When one went to xfer a program into the TP the menu had 3 lines (3 choices), now (with 14.9.2) it has only one line (1 choice) Xfer. You can still use the back arrow to cancel out so it is not any problem.


----------



## Scooter80 (Jan 12, 2007)

I have the new update on my PXL now and I seem to have lost some remote functionality with it. Specifically I can no longer return to play with a fourth push of the FFW button after fast-forwarding. I MUST press play to return to play. A minor gripe, I guess. But after many years of using TiVo and still having a S3 that acts like a good ol' TiVo, a change like this is unwelcome indeed! I ran through a whole 1 hr show at warp 3 before I figured out the remote hadn't just stopped responding like the well-known problem. 

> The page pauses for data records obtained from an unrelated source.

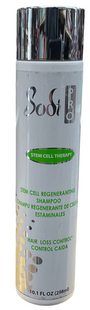 SODI PRO STEM CELL THERAPY SHAMPOO 10.1oz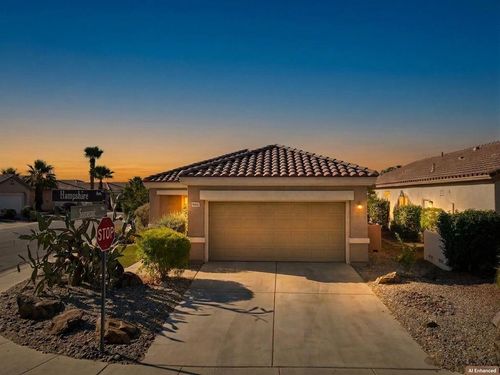 78721 Hampshire Ave, Palm Desert, CA, 92211-1957 | Card Image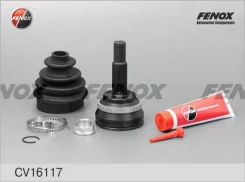 ���� �������� | ����� ����/��� | CV16117 CV16117 ����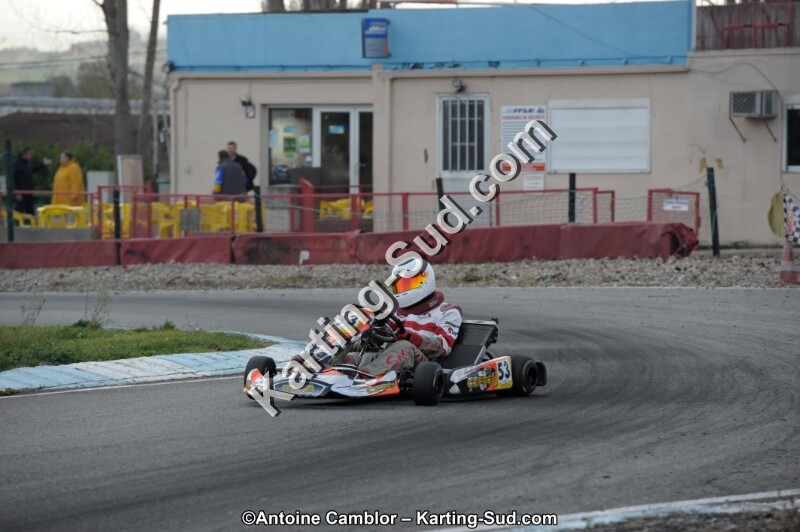 _DSC4414_DxO.jpg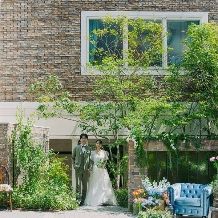 ～2026年12月までの特別プラン～家族と親しい人だけのプライベートウエディング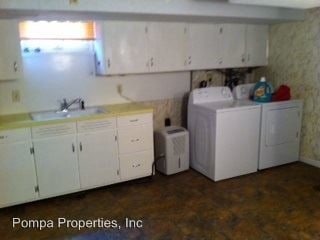 Building Photo - 650 S Hermitage Rd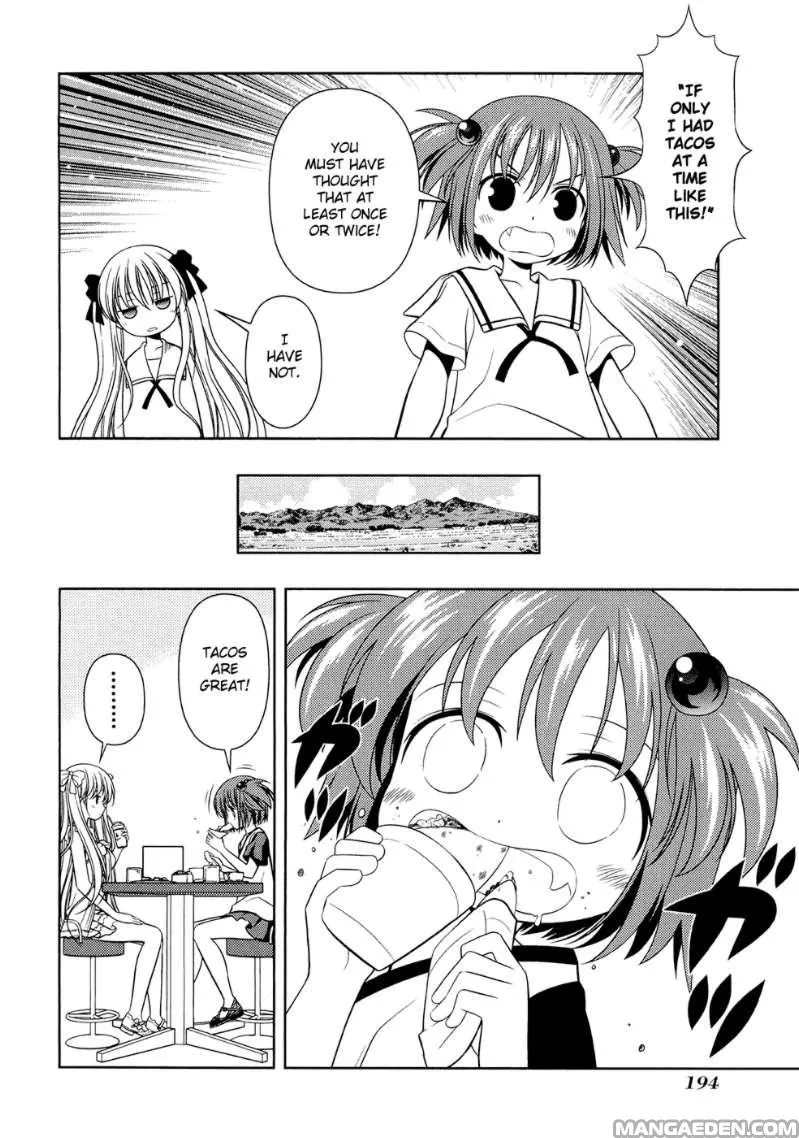 Read Saki chapter 41.99 image 28 on Lezhin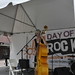 Julie Davies Photo 29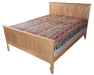 Bed & Pillow1.jpg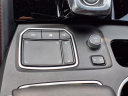 Thumbnail image of 2022 Acura MDX at Bayway Cadillac Of The Woodlands
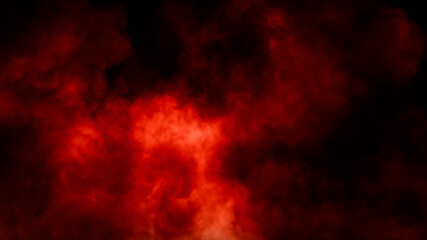 Obraz premium smoke, dust, png, smoke bomb, spirit, chemistry, fog, fire, spotlight, chill, mist, experiment, freezing, stream, dry, nature, misty, space, motion, dynamic, pattern, decoration, air, effect, isolated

Anyone else have this issue? I restarted the box thinking it was a glitch, but no change. Bonus is that the update has enabled the second CPU core and the reboot went very quickly!

Also some of the SDUI screens that had been polished up a bit have now reverted to looking like the 90's again. Way to go TiVo with another update that seems to break more than it fixes.


----------



## lafos (Nov 8, 2004)

I also noticed that the red crossed-out circle is not shown for copy protected recordings when viewing another TiVo's NPL. When selecting one of these, there are no options shown at the bottom, but left does take you back out to the episode list.


----------



## rainwater (Sep 21, 2004)

lafos said:


> I also noticed that the red crossed-out circle is not shown for copy protected recordings when viewing another TiVo's NPL. When selecting one of these, there are no options shown at the bottom, but left does take you back out to the episode list.

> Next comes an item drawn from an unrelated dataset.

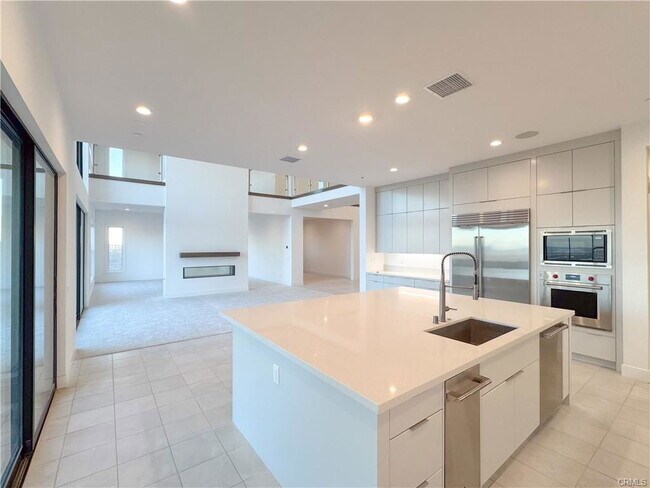 Foto del edificio - 20138 Marlow Ln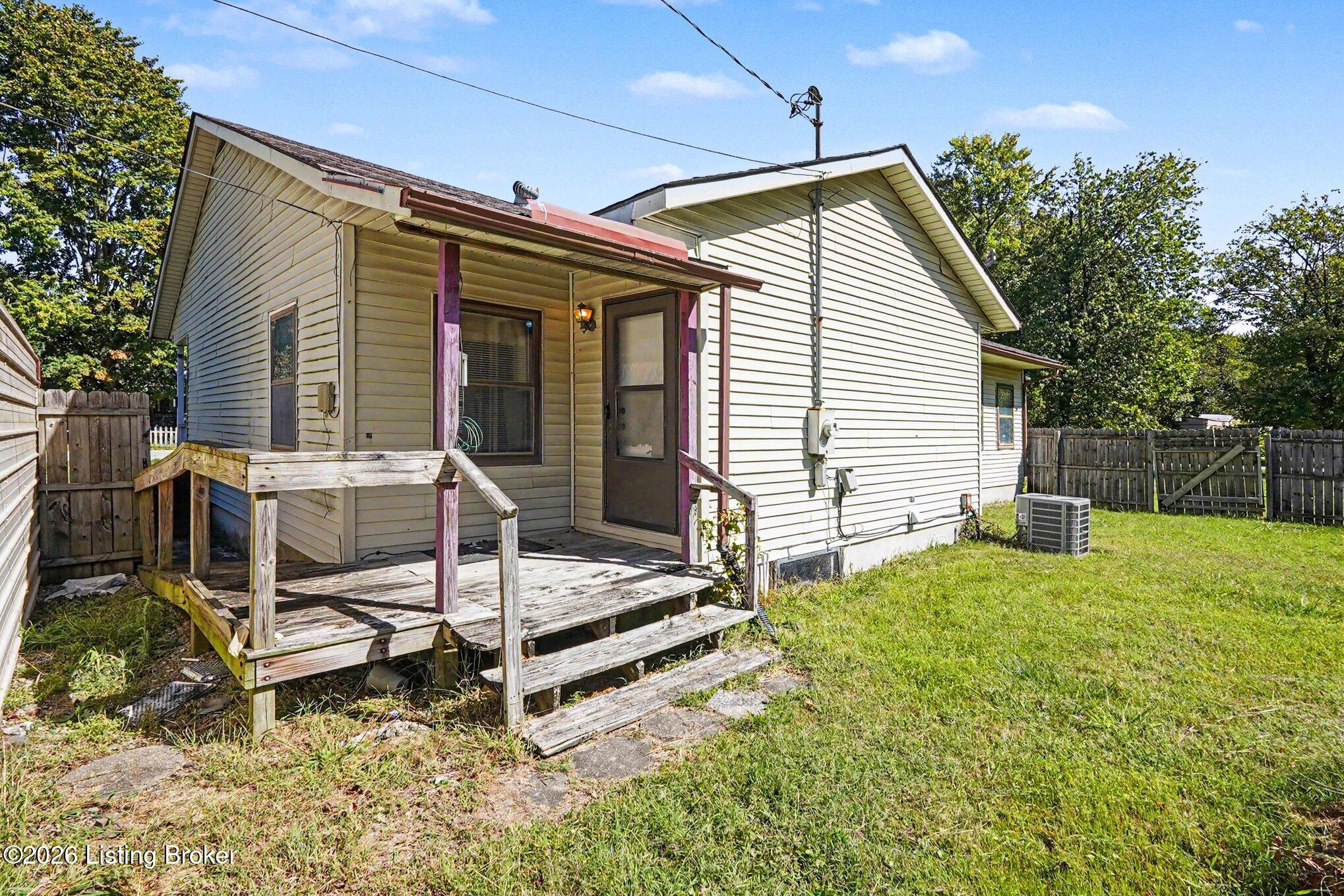 119 Sphere St Property Photo 17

I'm guessing they removed the red icon in anticipation of streaming. They can probably enable MRS remotely. Perhaps they are waiting until a full rollout and will then enable MRS.


----------



## innocentfreak (Aug 25, 2001)

Scooter80 said:


> I have the new update on my PXL now and I seem to have lost some remote functionality with it. Specifically I can no longer return to play with a fourth push of the FFW button after fast-forwarding. I MUST press play to return to play. A minor gripe, I guess. But after many years of using TiVo and still having a S3 that acts like a good ol' TiVo, a change like this is unwelcome indeed! I ran through a whole 1 hr show at warp 3 before I figured out the remote hadn't just stopped responding like the well-known problem.
> 
> Anyone else have this issue? I restarted the box thinking it was a glitch, but no change. Bonus is that the update has enabled the second CPU core and the reboot went very quickly!
> 
> Also some of the SDUI screens that had been polished up a bit have now reverted to looking like the 90's again. Way to go TiVo with another update that seems to break more than it fixes.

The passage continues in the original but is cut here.